‘Young Philippines’ is Fading in Western Visayas
For decades, the Philippine economic roadmap was built on a single, confident assumption: the “demographic dividend.” We marketed ourselves to the world – from BPOs to labor export – on the promise of an endlessly renewable resource: a young, English-speaking workforce. But the 2024 Vital Statistics Report from Western Visayas serves as a stark, empirical

By Staff Writer
For decades, the Philippine economic roadmap was built on a single, confident assumption: the “demographic dividend.” We marketed ourselves to the world – from BPOs to labor export – on the promise of an endlessly renewable resource: a young, English-speaking workforce. But the 2024 Vital Statistics Report from Western Visayas serves as a stark, empirical warning that this competitive advantage is eroding faster than anticipated.
The numbers are undeniable. Western Visayas saw registered live births plummet by 11.7% in just one year, falling from 87,204 to 77,000. Simultaneously, deaths dropped by 13%. While Commission on Population and Development (CPD) Region 6 Director Harold Alfred Marshall notes the region’s total fertility rate (TFR) sits at 2.2 – just a hair above the replacement level of 2.1 – the velocity of this decline suggests we are hurtling toward a demographic cliff.
This demands a radical pivot in accountability. For fifty years, the CPD’s mandate was effectively “curb population growth.” Today, that mission must shift from control to management. Are national planners and local leaders in high-drop areas like Capiz (down 16% in births) and Bacolod City nimble enough to reverse course? The strategy of the past cannot solve the problems of the future.

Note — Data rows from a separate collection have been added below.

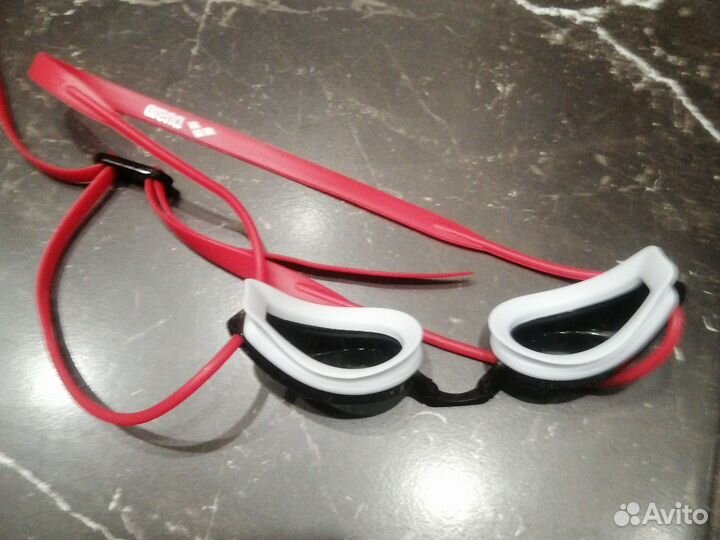 Плавательные очки нашёл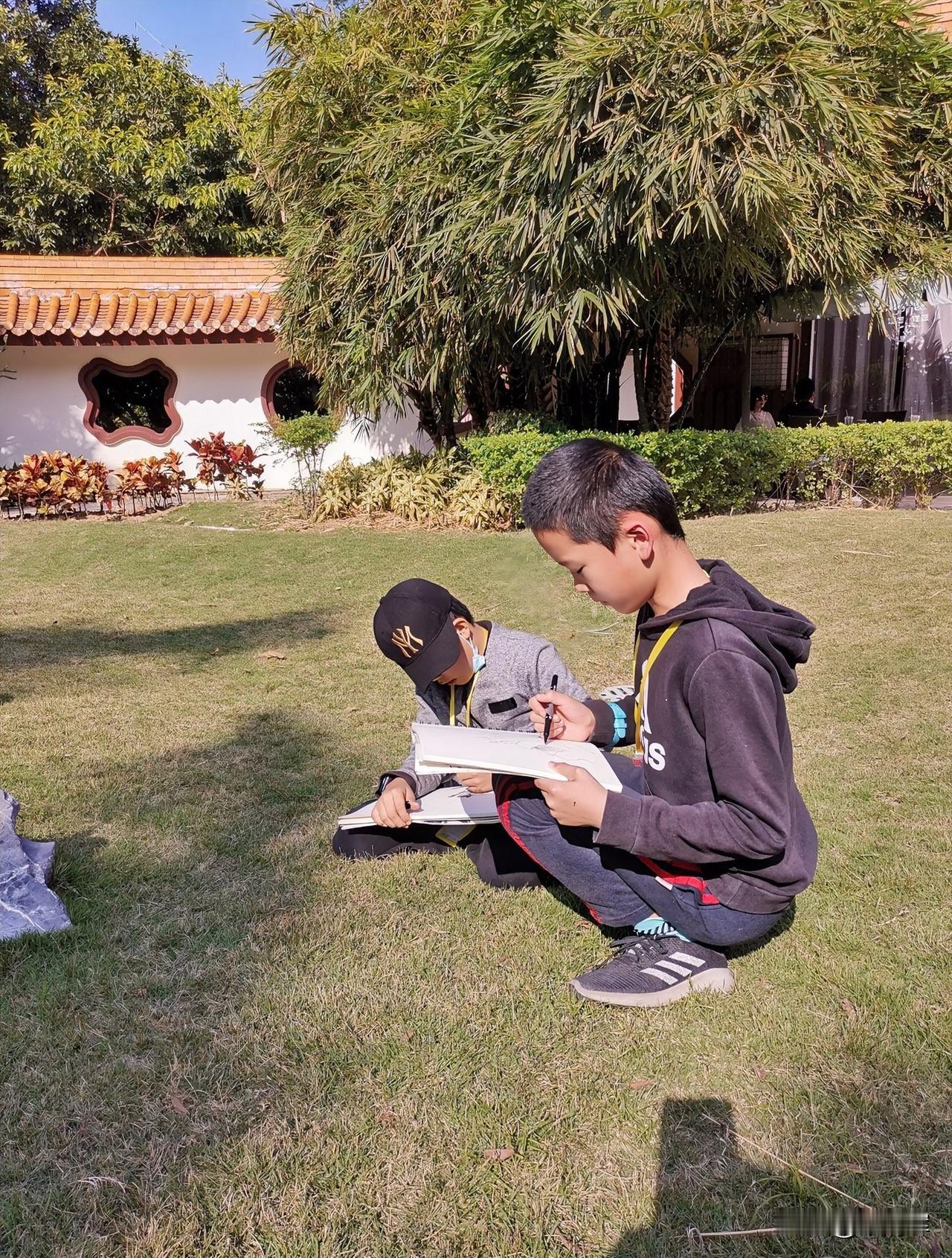 （1467）：孩子，早上好。这几天，深圳天气十分干燥，晚上拉被子都能够擦出几缕火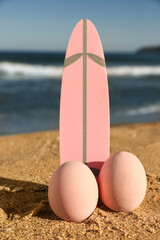 Painter Easter eggs and surfboard on sea beach - obrazy, fototapety, plakaty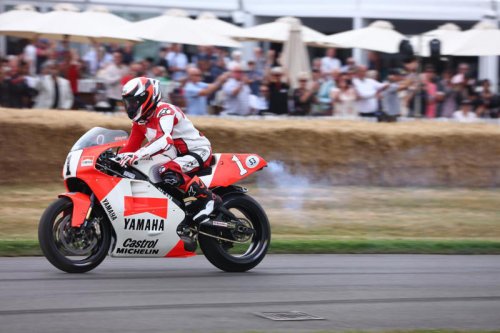 【速報！】ウェイン・レイニーが特別仕様のヤマハ「XSR900 GP」でラグナ・セカを34年ぶりに走行！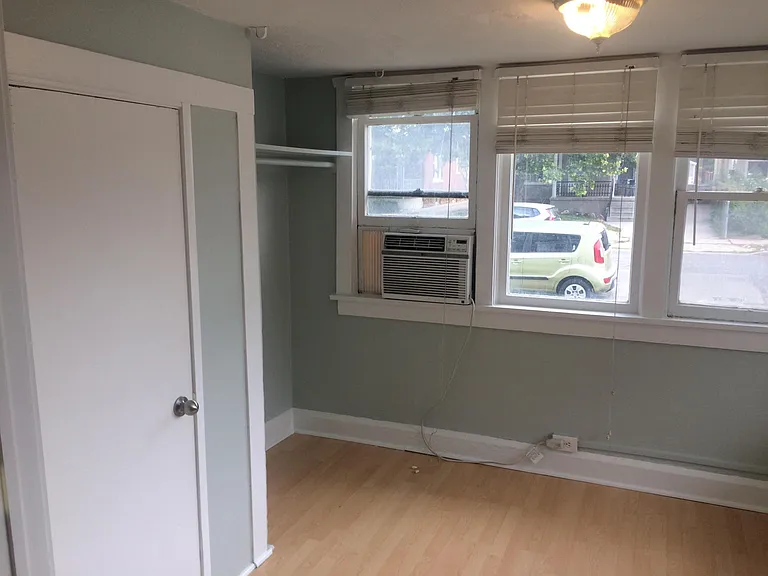 764 S Windsor St #2 — Photo 8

The immediate threat is the “vanishing workforce.” As Director Marshall warned, a shrinking youth population endangers the labor pool necessary to run the economy. If businesses in Iloilo and Negros Occidental struggle to find workers, we risk a stagnation where wages rise artificially due to scarcity, yet expansion is stifled.
This shift places a crushing weight on the “Sandwich Generation” – millennials and Gen Z who must care for aging parents while raising their own children. With deaths declining by 13% – a testament to improved healthcare – parents are living longer. While this is a triumph of public health, it presents an economic paradox. With fewer siblings to share the financial burden, the cost of care becomes concentrated. The current social pension for indigent seniors, a mere PHP 1,000 per month (recently increased from PHP 500), is insufficient to offset the costs of geriatric care, leaving working-age children to fill the gap.
Local Government Units (LGUs) must face scrutiny. Are mayors in Bacolod and Iloilo City, where urbanization acts as a contraceptive, still budgeting for a baby boom that is over? Infrastructure spending must be reallocated. We need fewer new elementary schools and more geriatric health centers.
However, the solution is not simply to demand women “have more babies.” That is a reductionist view that ignores the economic reality of raising a child in 2025 and beyond. If the government wants to maintain a “healthy fertility level,” it must build the infrastructure to support it. This means subsidized childcare, extended parental leave, and tax breaks that make family life economically viable.
Furthermore, we must stop viewing the aging population as a liability. If Western Visayans are living longer, we must redefine the “Silver Workforce.” The retirement age narrative is outdated. We need programs that upskill seniors and offer flexible employment, turning their experience into an economic asset rather than a dependency statistic.
Western Visayas is a microcosm of a global trend: urbanization and economic aspiration are clashing with traditional family structures. The “Young Philippines” myth is ending. The question is no longer how to stop the population from growing, but how to support the population we have left. Leadership must act now, or we will grow old before we grow rich.